To build the library for our module we therefore simply run make:

$ make
Scanning dependencies of target MyModule
[100%] Building CXX object CMakeFiles/MyModule.dir/MyModule.cpp.o
Linking CXX shared library libMyModule.so
[100%] Built target MyModule
$

If the build succeeds, we now have the shared library present in our build directory:

$ ls
CMakeCache.txt CMakeFiles Makefile cmake_install.cmake libMyModule.dylib
$

Note that the extension of the shared library is platform dependent (dylib for Mac, so on Linux). With the library built, we now need to make flreconstruct aware of it and to use it in the pipeline.

Running flreconstruct With a Custom Module

To use our new module in flreconstruct we need to tell the application about it and then use it in the pipeline. We do this via the pipeline script we pass to flreconstruct via

  1. Adding a new section named flreconstruct.plugins which tells the application about libraries to be loaded.
  2. Declaring a section for our module/

We create a script named MyModulePipeline.conf in our project directory:

$ pwd
/path/to/MyWorkSpace/MyModule
$ ls
CMakeLists.txt MyModule.cpp MyModule.h MyModulePipeline.conf

This script takes the same basic form as shown in the tutorial on using flreconstruct:

# - Configuration Metadata
#@description Chain pipeline using a single custom module
#@key_label "name"
#@meta_label "type"
# - Custom modules
# The "flreconstruct.plugins" section to tell flreconstruct what
# to load and from where.
[name="flreconstruct.plugins" type="flreconstruct::section"]
plugins : string[1] = "MyModule"
MyModule.directory : string = "."
# - Pipeline configuration
# Must define "pipeline" as this is the module flreconstruct will use
# Make it use our custom module by setting the'type' key to the string we
# used as the second argument to the macro
# DPP_MODULE_REGISTRATION_IMPLEMENT in MyModule.cpp
# At present, it takes no configuration, so it suffices to define it
[name="pipeline" type="MyModule"]

The plugins key in the flreconstruct.plugins section is a list of strings naming the libraries to be loaded by flreconstruct at startup. These are taken as the "basename" of the library, from which the full physical file to be loaded lib<basename>.{so,dylib} is constructed. By default, flreconstruct only searches for plugin libraries in its builtin location, so custom modules must supply the .directory attribute to tell it the path under which the library is located.

In the above example, `MyModule.directory : string ='.'tellsflreconstruct` to look in the current working directory, i.e. the directory from which it was run. This is convenient for testing a local build of a module, as we can run flreconstruct directly from the build directory of our module and it will locate the library immediately.

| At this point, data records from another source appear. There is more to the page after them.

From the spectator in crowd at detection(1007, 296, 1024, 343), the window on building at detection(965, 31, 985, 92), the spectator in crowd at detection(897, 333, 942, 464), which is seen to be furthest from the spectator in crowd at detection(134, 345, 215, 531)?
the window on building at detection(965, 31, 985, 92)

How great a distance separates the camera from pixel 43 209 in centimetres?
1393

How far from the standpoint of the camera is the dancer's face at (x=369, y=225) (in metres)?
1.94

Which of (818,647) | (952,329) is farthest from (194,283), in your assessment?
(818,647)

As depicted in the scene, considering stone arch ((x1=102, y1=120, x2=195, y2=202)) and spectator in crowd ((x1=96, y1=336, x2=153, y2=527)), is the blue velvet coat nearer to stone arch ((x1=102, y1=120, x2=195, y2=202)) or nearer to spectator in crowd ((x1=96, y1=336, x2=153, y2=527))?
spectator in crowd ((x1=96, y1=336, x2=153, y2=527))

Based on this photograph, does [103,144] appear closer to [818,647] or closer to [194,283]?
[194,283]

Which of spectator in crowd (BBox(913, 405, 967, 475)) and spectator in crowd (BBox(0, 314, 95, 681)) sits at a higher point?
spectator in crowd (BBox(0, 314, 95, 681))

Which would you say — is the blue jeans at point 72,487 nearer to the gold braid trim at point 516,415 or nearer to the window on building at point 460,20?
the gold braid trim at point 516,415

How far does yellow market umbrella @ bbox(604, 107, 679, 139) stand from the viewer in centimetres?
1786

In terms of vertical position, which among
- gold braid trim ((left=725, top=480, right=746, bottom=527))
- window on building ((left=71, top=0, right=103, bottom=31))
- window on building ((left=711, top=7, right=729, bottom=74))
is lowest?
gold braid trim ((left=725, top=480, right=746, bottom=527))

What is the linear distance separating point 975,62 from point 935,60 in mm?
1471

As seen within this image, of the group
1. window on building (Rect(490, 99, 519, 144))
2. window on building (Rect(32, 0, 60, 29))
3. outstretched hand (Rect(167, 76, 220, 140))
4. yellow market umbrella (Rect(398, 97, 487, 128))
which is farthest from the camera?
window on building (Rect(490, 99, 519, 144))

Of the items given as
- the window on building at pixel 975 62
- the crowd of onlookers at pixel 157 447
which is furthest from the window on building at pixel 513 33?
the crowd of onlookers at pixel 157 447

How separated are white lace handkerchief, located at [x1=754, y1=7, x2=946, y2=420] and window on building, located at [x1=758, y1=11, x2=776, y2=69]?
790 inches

You can also specify absolute paths, e.g.

[name="flreconstruct.plugins" type="flreconstruct::section"]
plugins : string[1] = "MyModule"
MyModule.directory : string = "/path/to/MyWorkSpace/MyModule-build"

or paths containing environment variables which will be expanded automatically, e.g.

[name="flreconstruct.plugins" type="flreconstruct::section"]
plugins : string[1] = "MyModule"
MyModule.directory : string = "${MYMODULE_PATH}"

With the loading of the custom module in place, we can use it in the script as we did for the builtin modules. As we did in in the trivial pipeline example for flreconstruct, we can simply declare the main pipeline module as being of the MyModule type, hence the line

[name="pipeline" type="MyModule"]

Note that the type key value must always refer to the id with which the module was registered, and this is determined by the second argument to the DPP_MODULE_REGISTRATION_IMPLEMENT macro called in the source code for the module. Remember that when we wrote MyModule.cpp we called the macro as:

DPP_MODULE_REGISTRATION_IMPLEMENT(MyModule,"MyModule");

This is why we recommend that you register your modules with an id equal to their C++ typename. It makes it absolutely clear which module is to be constructed and minimizes potential name clashes.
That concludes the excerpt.